The DreamWorks Animation saga continues as investors have filed a class-action lawsuit, which accuses the major league studio of making misleading statements about the financial health of the company, and failing to write down 2013’s Turbo in time. DWA reported its 2014 Q2 results on July 29, revealing a $15.4 million loss with a revenue of $122.3 million compared with last year’s $22.2m profit and $213.4m revenue.
The suit, filed in California, represents investors who purchased shares between October 29, 2013 and July 29, 2014, alleging “that throughout the class period, defendants made false and/or misleading statements, and failed to disclose material adverse facts about the company’s business, operations, prospects and performance,” per a statement from the law firm Pomerantz LLP.
Along with the Q2 report last week, DWA revealed that it had learned the Securities Exchange Commission was conducting an investigation related to the $13.5m Turbo write-down, which the studio reported in February. Specific allegations by the investors include that the studio failed to take a timely write-down for the CG film, which saw the lowest gross of any DWA film to date; that the company’s net income for 2013 was overstated; it lacked adequate control of financial reporting; and that financial statements were false and misleading.
The studio’s March release, Mr. Peabody & Sherman, took in even less than Turbo for a box-office gross of $268.2m, though the summer sequel How to Train Your Dragon 2 is performing well with a worldwide total of $463.8m. The studio’s next film is Penguins of Madagascar (November 26), and DWA has a three-picture-per-year slate planned through 2018.

This does not bode well for Jeffrey Katzenberg
It may be the future of DWA is 2 Pictures per Year over the next 4 years
No wonder DWA is looking beyond Nickelodeon / Cartoon Network content
(as in getting paid by Netflix to create content exclusive to Netflix)

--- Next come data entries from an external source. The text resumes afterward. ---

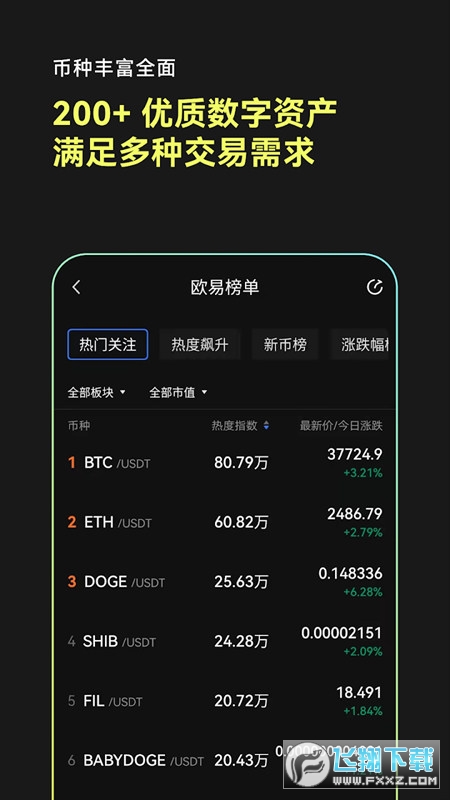 欧亿注册登录平台截图
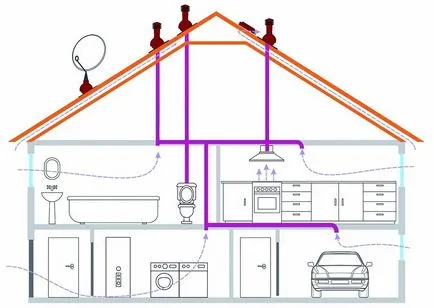 ventilație naturală - principiul de funcționare, tipuri, beneficii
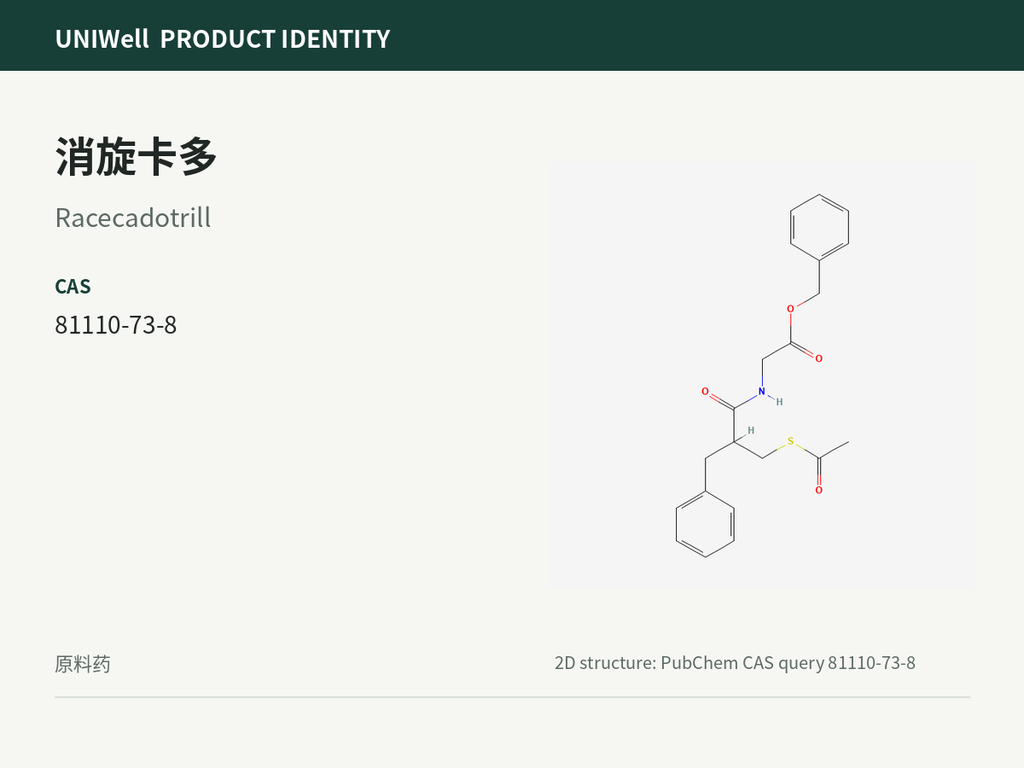 消旋卡多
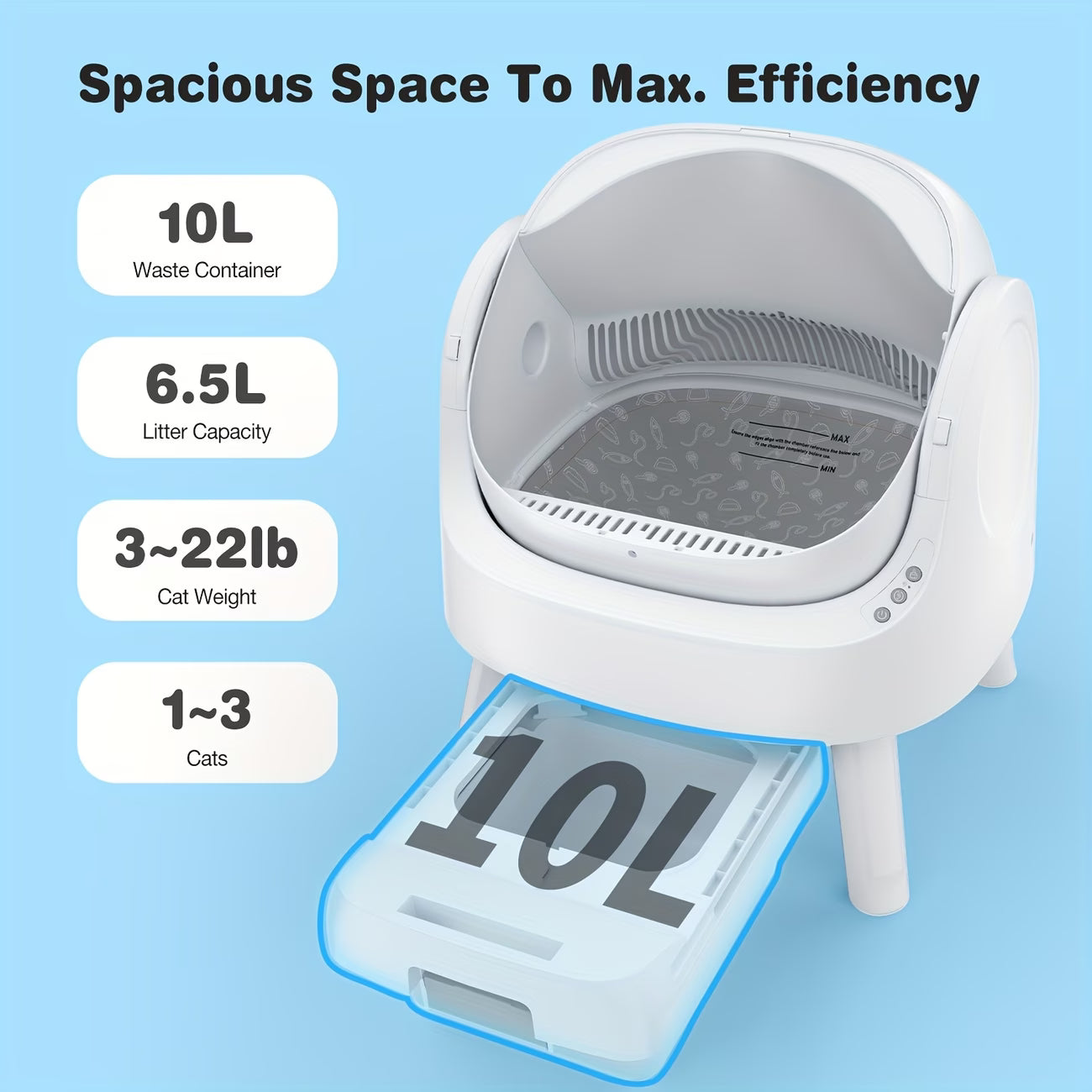 PetPivot Open-Style Self-Cleaning Litter Box, Safe Automatic Litter Box, Suitable for Multiple Cats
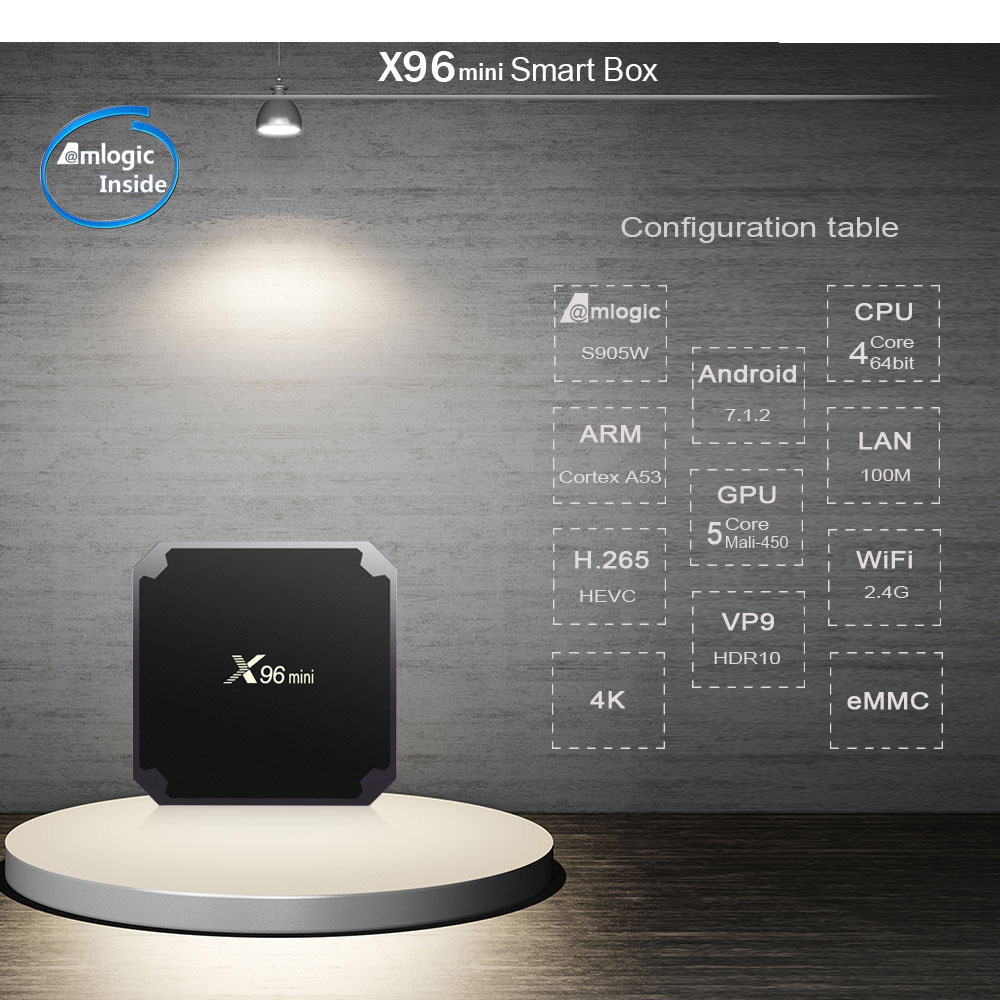X96 MINI Android 7.1.2 Amlogic S905W 4K KODI TV BOX 2GB/16GB WIFI LAN HDMI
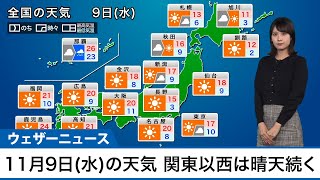11月9日(水)の天気　関東以西は晴天続く　朝晩と昼間の寒暖差に注意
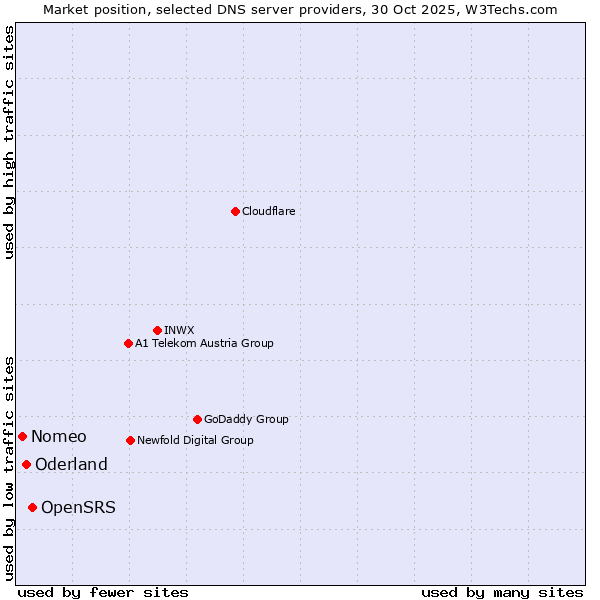 Market position of OpenSRS vs. Oderland vs. Nomeo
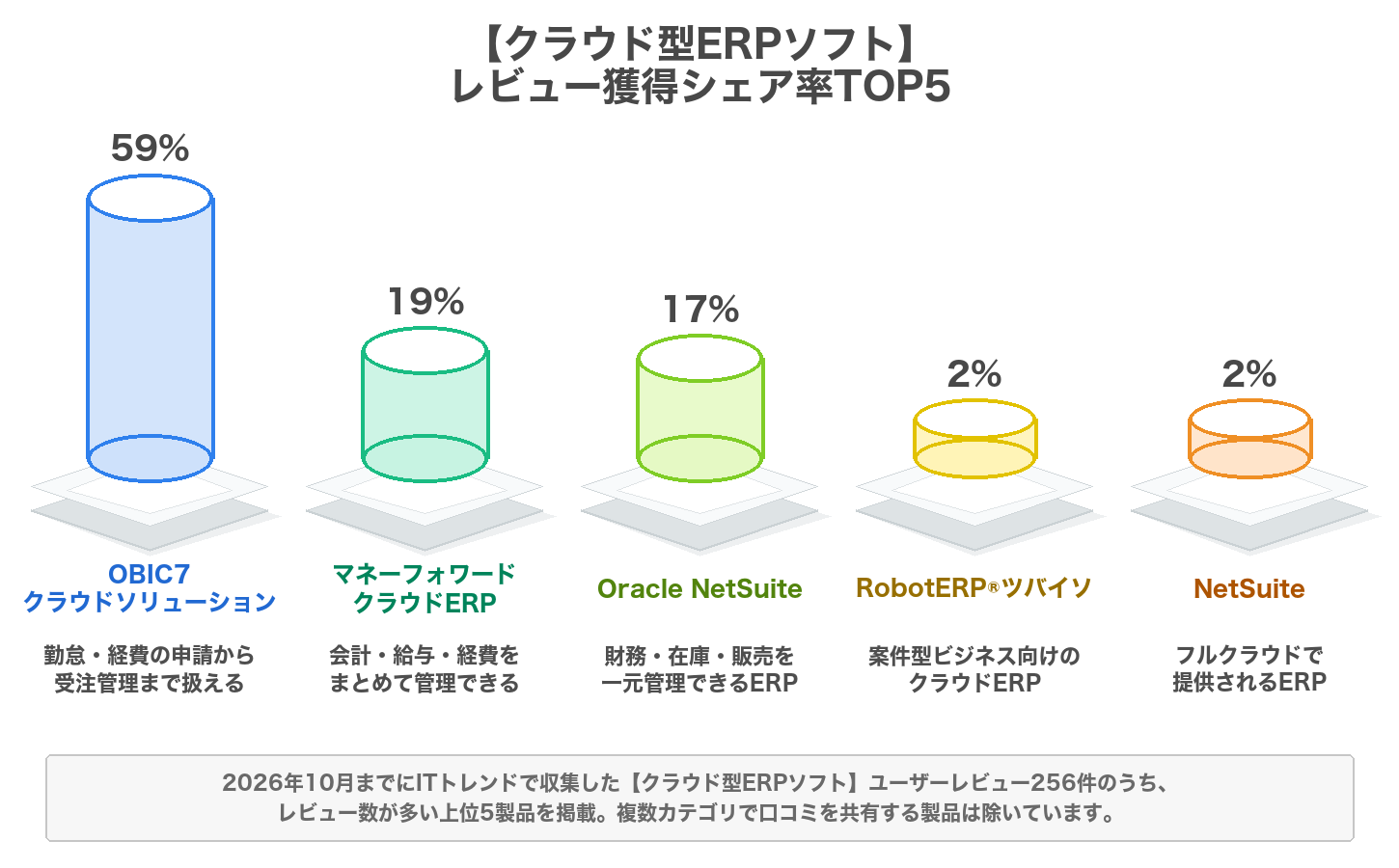 クラウド型ERPソフトのレビューシェア率のグラフ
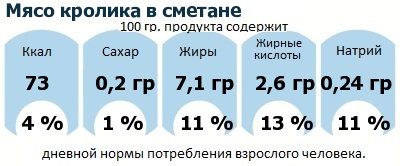 ДНП (GDA) - дневная норма потребления энергии и полезных веществ для среднего человека (за день прием энергии 2000 ккал)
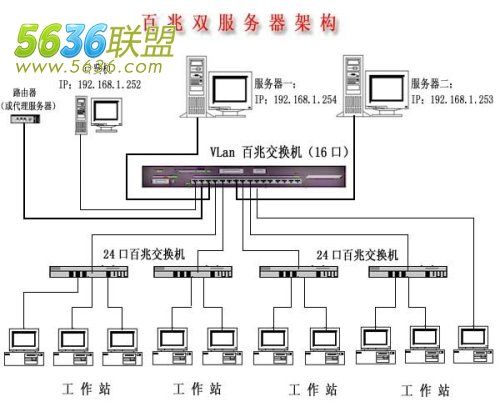 网吧-学校-单位-无盘系统软硬件的选择、搭建与维护(无盘系统软硬件搭建客户机) 排名链接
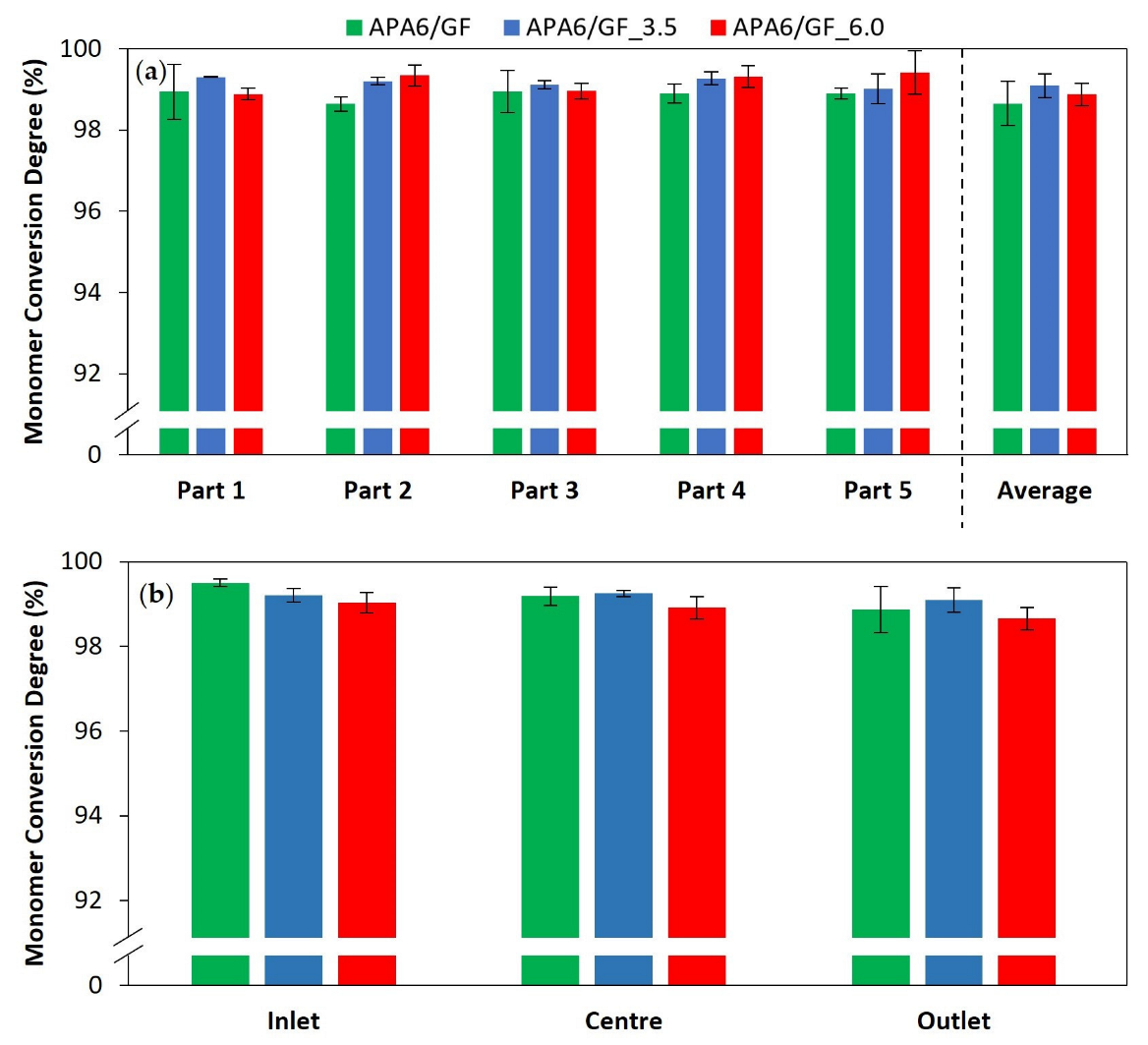 Materials 16 04652 g013 Materials 16 04652 g013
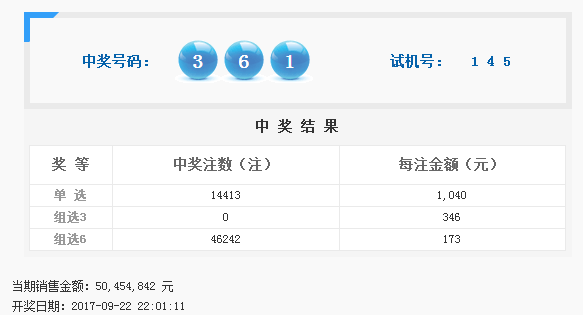 澳门9点35分开奖结果040期31-26-40-47-20-20T：23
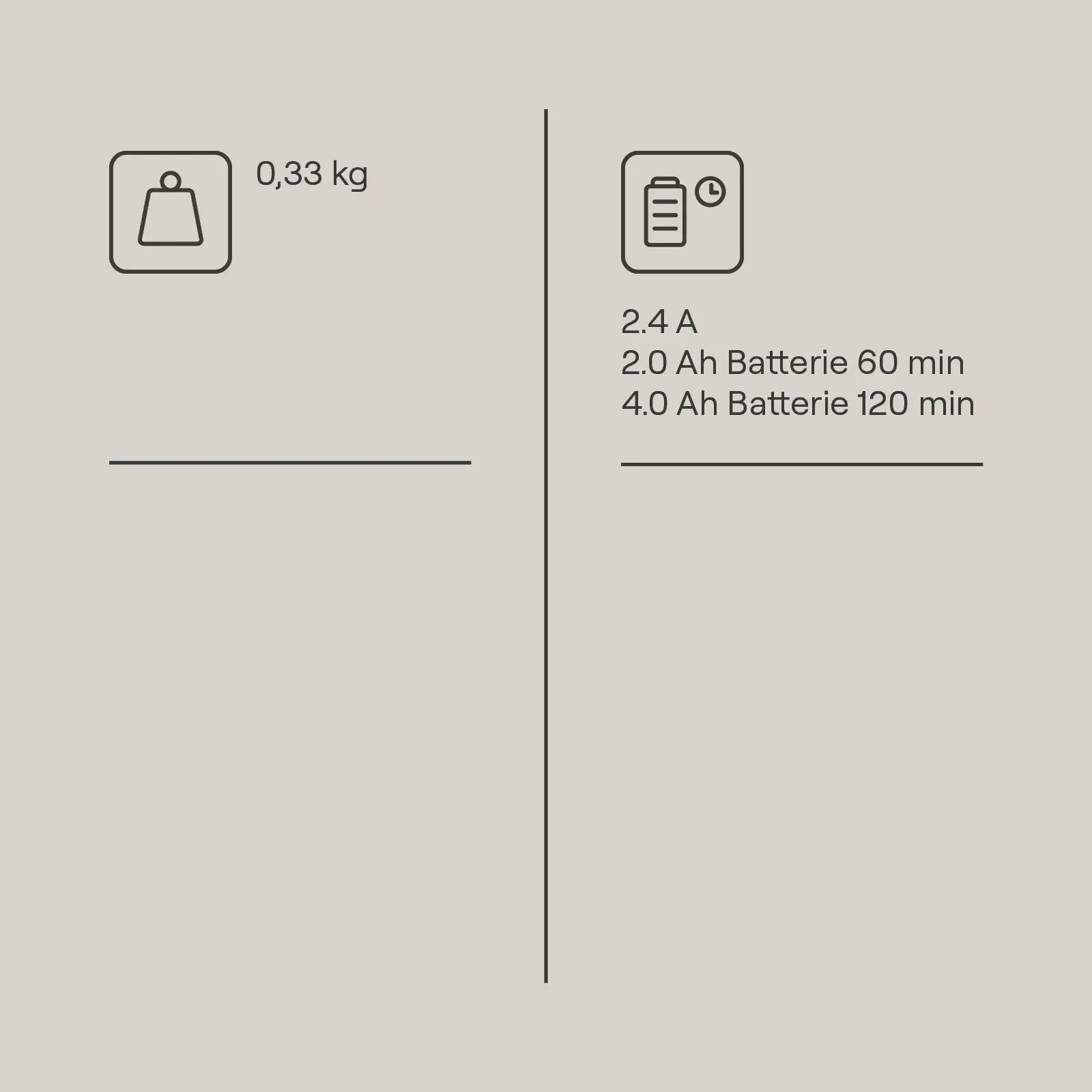 Gomag Akku-Ladegerät 2,4 A für 20 V 
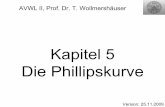 Kapitel 5 Die Phillipskurve - fiwi.econ.uni-muenchen.de II, Prof. Dr. T. Wollmershäuser, Folie 4 Inflation, erwartete Inflation und Arbeitslosigkeit Nach einigen Rechenschritten gelangt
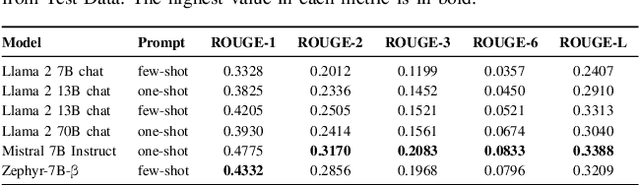 Figure 4 for Actionable Cyber Threat Intelligence using Knowledge Graphs and Large Language Models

Could it be Smaller Studios compete better against Walt Disney Animation
by delivering films on smaller budgets?
The tumblrinas who say Dreamworks financially beats Disney remind me of those “Nintendo beats Rockstar, Ubisoft, etc!” people. Sure the former might have memorable characters and some great hits, but the later usually comes out with newer (better) titles and don’t loose a shit ton of money.
In other words, anyone who says Dreamworks is the most sucessfull animation company is a moron.